To this basic proposition, various explanations to S. 271(1)(c) have only cast onus of proof on the assessee as laid down in Mussadilal Rambharose, 165 ITR 14 (SC). Various explanations have not made levy of penalty mandatory in specified circumstance, but it only provides that in specified circumstance, concealment would be deemed except when the assessee proves otherwise. All the above stated ingredients are still necessary before levy of penalty, it is only that its presence or absence has to be proved by the assessee and if the assessee fails to discharge burden of proof, the department need not prove anything further before levy of penalty. The recent decision of the Supreme Court in S. C. Mittal, 251 ITR 9 (SC) and K. P. Madhu-sudhan, 251 ITR 99 (SC) have reiterated the said proposition.

5. Whether amount of gift income is income of the querist :

As noted earlier, querist was just two years of age when the amount was deposited in his bank account. Even if the source of deposit could not be explained, the fact remains that the querist was incapable of having earned the said amount. As held in Noorjahan’s case, 237 ITR 570 (SC), merely because explanation is not satisfactory, provision of S. 69 is not mandatory in every case and the fact that assessee could not have earned the income is also a relevant consideration. As such, but for the offer of Rs.1,00,000/- in return of income, possibly the amount could not have been treated as income of the querist at all.

As noted earlier, findings in assessment proceedings are not final and if amount treated as income in assessment proceedings is not income of the assessee, then assessee cannot be made liable to penalty.

6. Mens rea — minor is ‘Doli incapax’ :

As noted earlier, mens rea is an important ingredient for levy of penalty u/s.271(1)(c), though now the onus is on the assessee to prove absence of mens rea. The querist was aged just two years and six months when the amount was deposited in his bank account and even if one considers expiry of last date for filing of return, his age was 5 years and 8 months. At the relevant time when the offence took place, the querist was below six years of age and therefore he was incapable of guilty mind. It is a settled principle of criminal jurisprudence that a minor is ’doli incapax’, he is incapable of guilt as laid by the Supreme Court in Hiralal Mallick v.
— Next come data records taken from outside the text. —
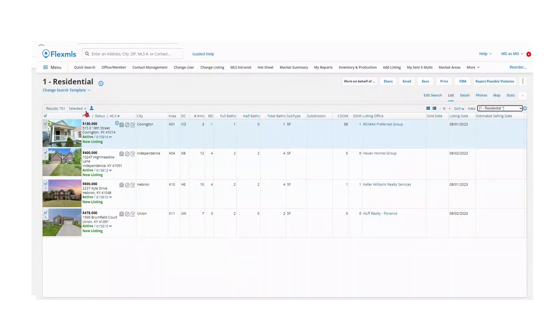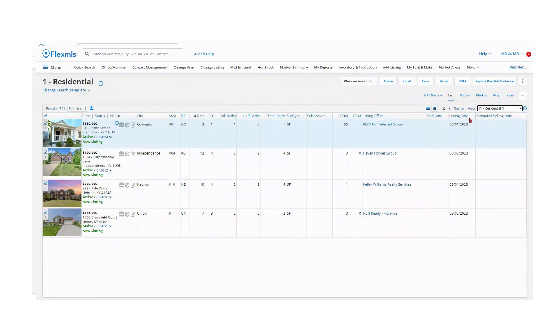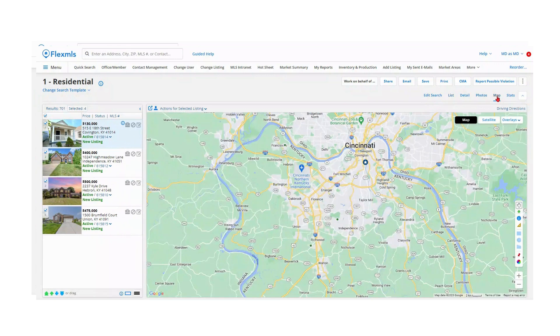Do you have multiple showings? Let FlexMLS create driving directions for you that will lower the stress of navigating. Once you have your properties selected, let's navigate to the map tab.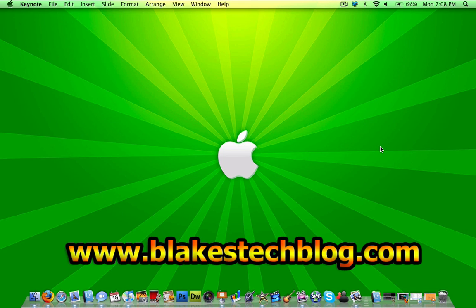Today I'm going to be showing you how to get a Keynote presentation to play on a Windows computer.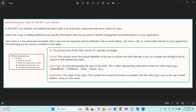ASP.NET user claims — if you have a user, you have some information like a user's email, a role, a full name. This is a claim type. Claims are a way of adding additional user-specific information that can be used for identity management and authorization. Each claim is a key-value pair associated with the user and can represent various attributes such as email, full name, role, or custom data.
State of Bihar, AIR 1977 SC 2236. The said principle has also been laid down in S. 82 and S. 83 of Indian Penal Code as a general exception to definition of an offence and would apply even to special Act like Income-tax Act, 1961.

The querist being a minor below seven years of age at the relevant time was incapable of guilt and therefore in the absence of mens rea, penalty u/s.271(1)(c) cannot be levied.
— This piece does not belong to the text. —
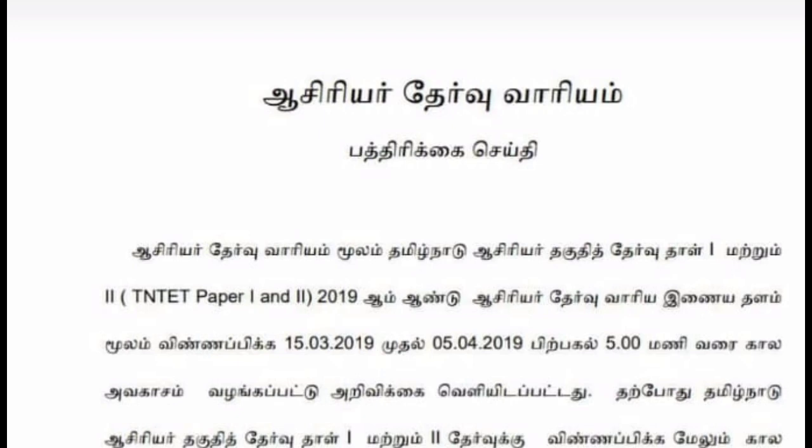Welcome friends, today we are going to talk about the latest update. We are going to talk about the date of paper 1 and paper 2. This video will be available for teachers, friends, and relatives. Let's go to the video.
7. Applicability of explanation 3 to S. 271(1)(c) :

Coupled with failure to file return of income before the specified time, for explanation 3 to apply, it is also required that the Assessing Officer is satisfied that such person has taxable income and also that failure to file return was without reasonable cause. Both the conditions are cumulative in as much as the assessing officer should be satisfied that the querist has taxable income and also that failure of querist to file return was without reasonable cause.

Firstly, as discussed earlier, even if genuineness of gift could not be explained, the same could not have been treated as income of the querist.

Secondly, and in any case, querist can be said to have a reasonable cause for the failure to file return of income. As held in Hindustan Steel’s case, 83 ITR 26 (SC), bonafide belief that one is not liable is a reasonable cause for non levy of penalty. In view of decision in Noorjahan’s case, 237 ITR 570 (SC), it can be said that querist was under a bonafide belief that his income did not exceed maximum amount not chargeable to tax and therefore it is a reasonable cause for not filing return within the specified time. Some of the other judgments where it has been held that bonafide belief that one does not have taxable income is a reasonable cause are as follows :

(a) P. S. Mohideen Abdul Khader, 210 ITR 735 (Mad.).

(b) Co-operative Cane Development Union, 101 ITR 368 (All.).

(c) V. R. Dalmia, 128 ITR 399 (Del.).

8. Conclusion :

In view of the above discussion, the querist has a good case to contend that penalty u/s.271(1)(c) read with explanation 3 is not attracted in his case.